─── Supplied material ───
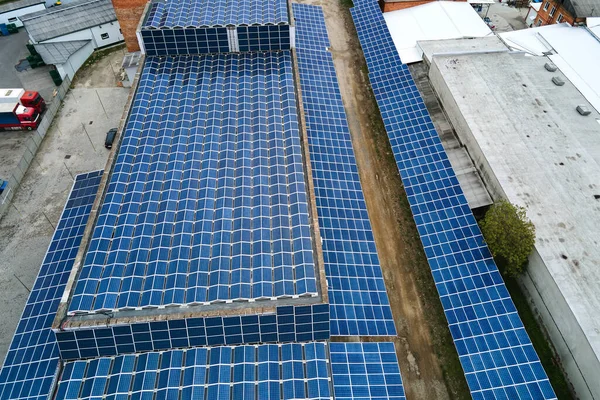 Veduta aerea della centrale solare con pannelli fotovoltaici blu montati sul tetto dell'edificio industriale per la produzione di energia elettrica ecologica verde. Produzione di concetto di energia sostenibile — Foto Stock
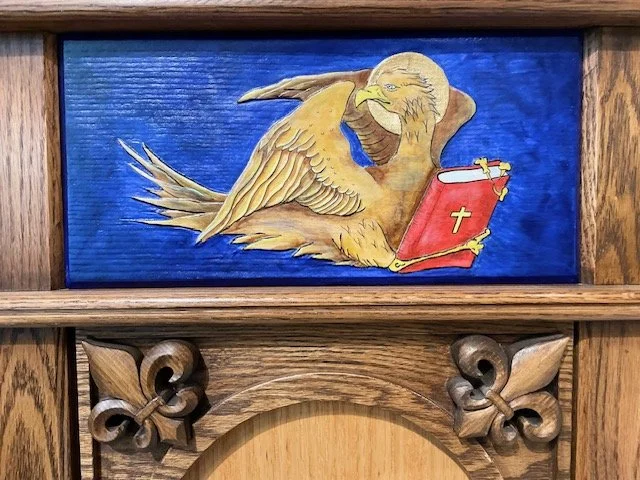 A carved wooden panel with a painted illustration of an eagle holding a Bible with a cross, set against a blue background.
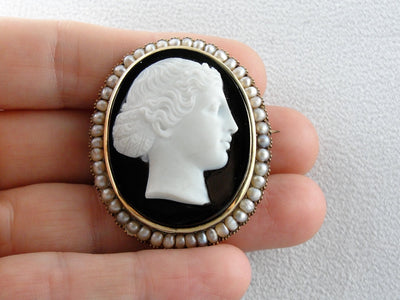 The Female Apostle Juniah: Antique Natural Pearl and Hardstone Black and White Onyx Cameo Brooch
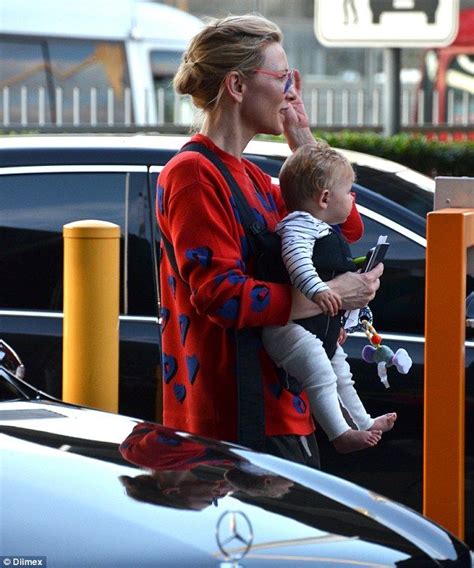 Cate Blanchett beams as she arrives back in Sydney with daughter Edith ...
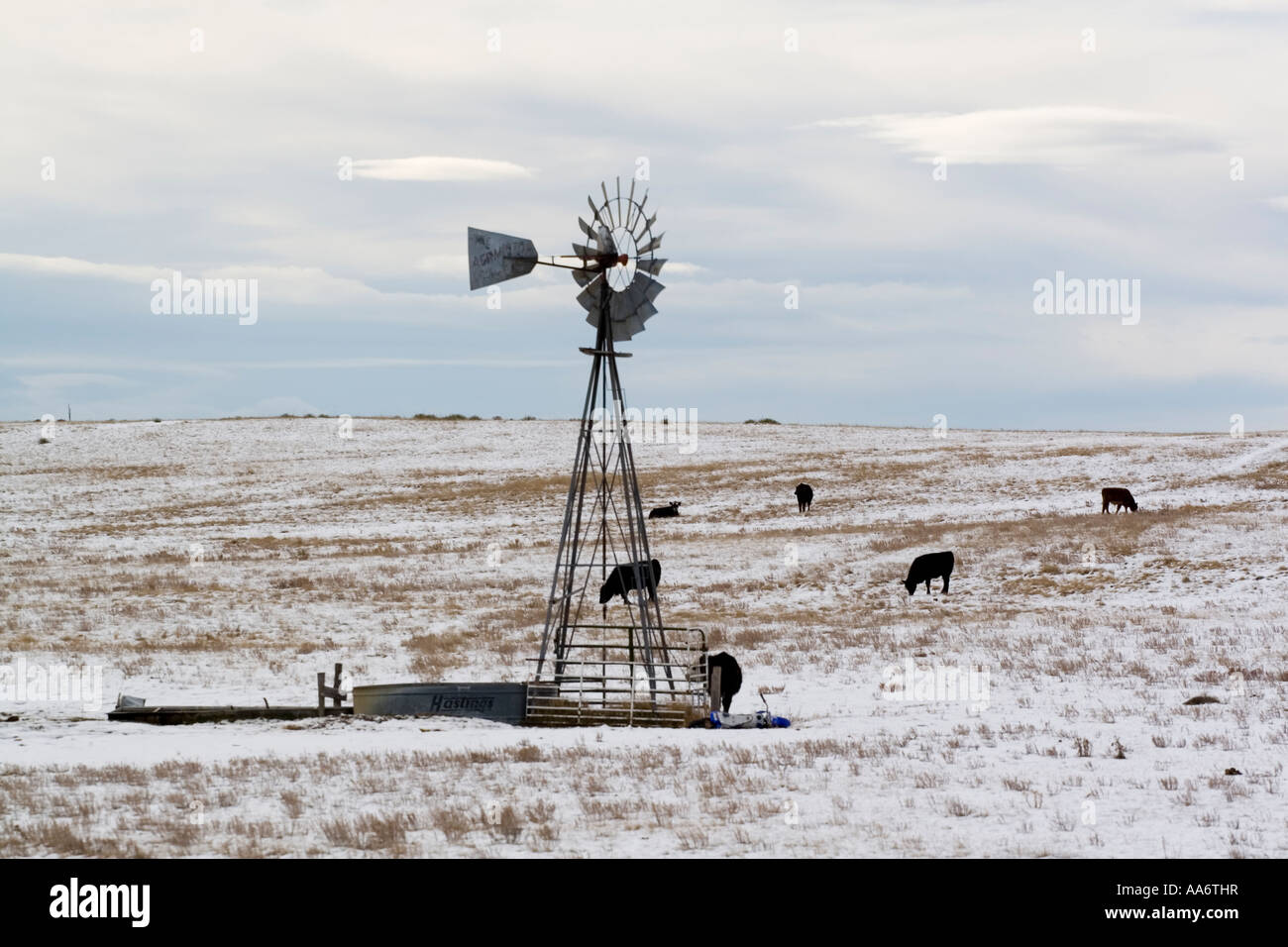 water pump in the in the snow on a cattle ranch in Wyoming WY USA Stock Photo
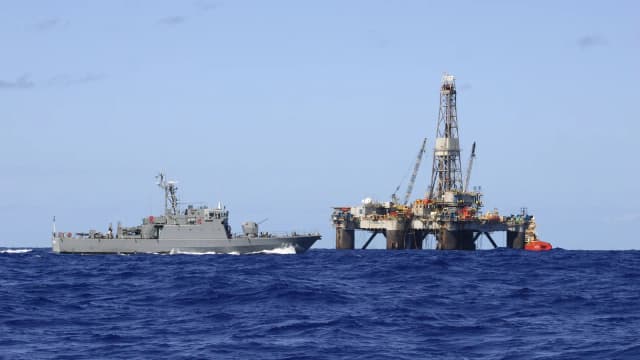 Navio-patrulha da Marinha do Brasil navega perto de plataforma de petróleo em alto-mar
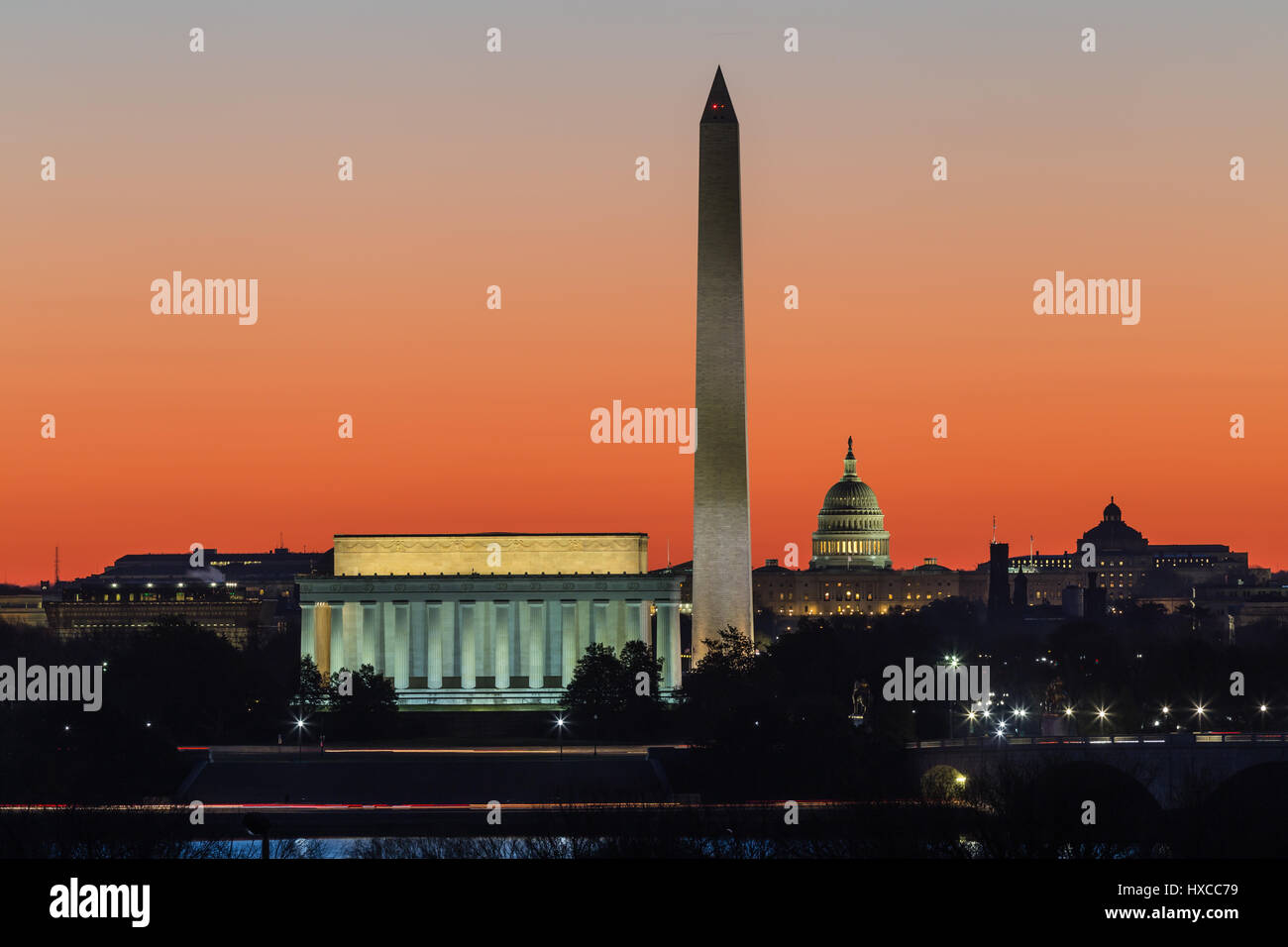 Das Lincoln Memorial, Washington Monument und US Capitol Gebäude gesetzt gegen einen orangefarbenen Himmel während der Morgendämmerung in Washington, DC. Stockfoto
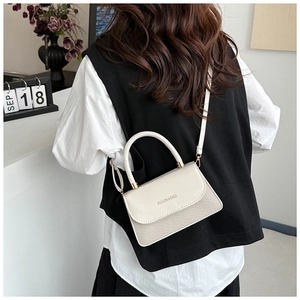 Chic cream-colored crossbody bag featuring woven texture and fashion slogan in a lifestyle setting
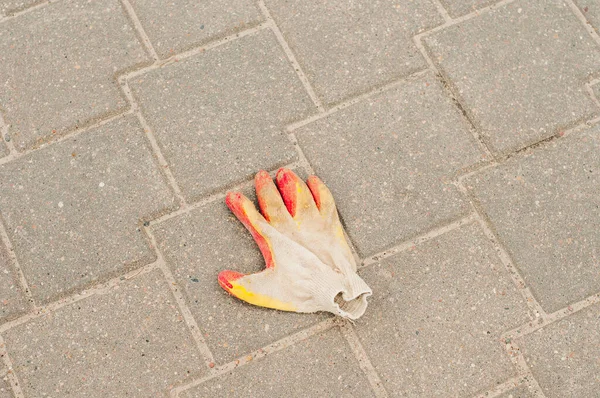 work glove on the sidewalk, occupational Safety and Health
───
- [Work order] Every line from the one that contains "The Female Apostle" through the end of the records above is to be reproduced exactly; no picture goes in the copy.

- [Task solution]
 The Female Apostle Juniah: Antique Natural Pearl and Hardstone Black and White Onyx Cameo Brooch
 Cate Blanchett beams as she arrives back in Sydney with daughter Edith ...
 water pump in the in the snow on a cattle ranch in Wyoming WY USA Stock Photo
 Navio-patrulha da Marinha do Brasil navega perto de plataforma de petróleo em alto-mar
 Das Lincoln Memorial, Washington Monument und US Capitol Gebäude gesetzt gegen einen orangefarbenen Himmel während der Morgendämmerung in Washington, DC. Stockfoto
 Chic cream-colored crossbody bag featuring woven texture and fashion slogan in a lifestyle setting
 work glove on the sidewalk, occupational Safety and Health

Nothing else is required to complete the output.